One drug under study is called daclizumab (Zenapax®). This is a monoclonal antibody (a laboratory-made antibody that attaches to specific substances) that blocks the action of interleukin-2 (IL-2). IL-2 is a normal part of the immune system that stimulates the immune response. Blocking IL-2 suppresses the immune system in a different way from anti-thymocyte globulin (ATG). Allergic reactions to this drug are rare. It is currently being used as a part of stem cell transplants, and is under study as a treatment for aplastic anemia.
Another drug being looked at is called mycophenolate mofetil. It is already used as an immunosuppressant in people who have received organ transplants and is being studied as a treatment for acquired aplastic anemia.
A new drug called eltrombopag (Promacta®) has become available to treat some people with low platelet counts caused by the immune system. In one study of patients with acquired aplastic anemia that was no longer responding to immunosuppression, it helped improve blood counts in some patients. This drug didn’t just affect platelet counts. In some patients, it improved white counts and/or red blood cell counts. More studies of this drug in aplastic anemia are going on now.
Alefacept is a new drug that can turn off T cells. It has been helpful in treating psoriasis and graft-versus-host disease and is now being studied in the treatment of severe acquired aplastic anemia.
Researchers are also studying the possibility of using gene therapy to treat some inherited forms of aplastic anemia. Another approach is to give a drug called amifostine (Ethyol®) to help protect the bone marrow in children with Fanconi anemia.
Doctors are also trying to make stem cell transplants safer and more available.
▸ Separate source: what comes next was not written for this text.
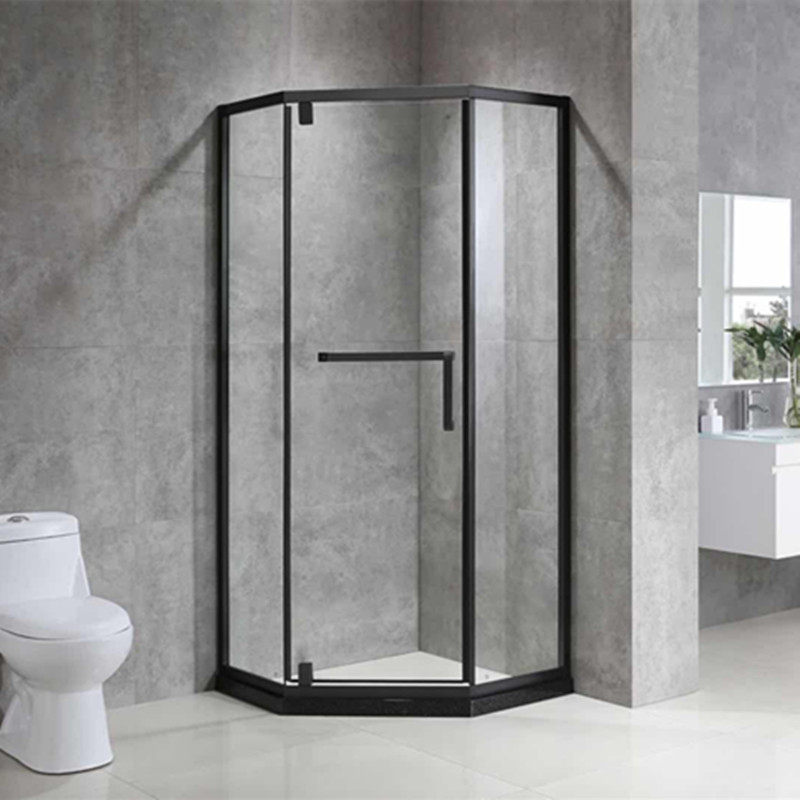 Mirror stainless steel diamond type shower room with stone base balcony tempered glass flat open Ramen bathroom Easy partition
One approach is to use stem cells that come from the umbilical cord blood of newborns. This is a very rich source of stem cells. Efforts are being made nationwide to develop storage facilities for cord blood. The advantage of cord blood stem cells is that they may lead to less graft-versus-host disease. The disadvantage is that there may be too few cells to successfully “take.” In one case, doctors have overcome this by transplanting cord blood stem cells from 2 separate donors. This has proven successful and may have an even lower risk of graft versus host disease. This method is currently under study.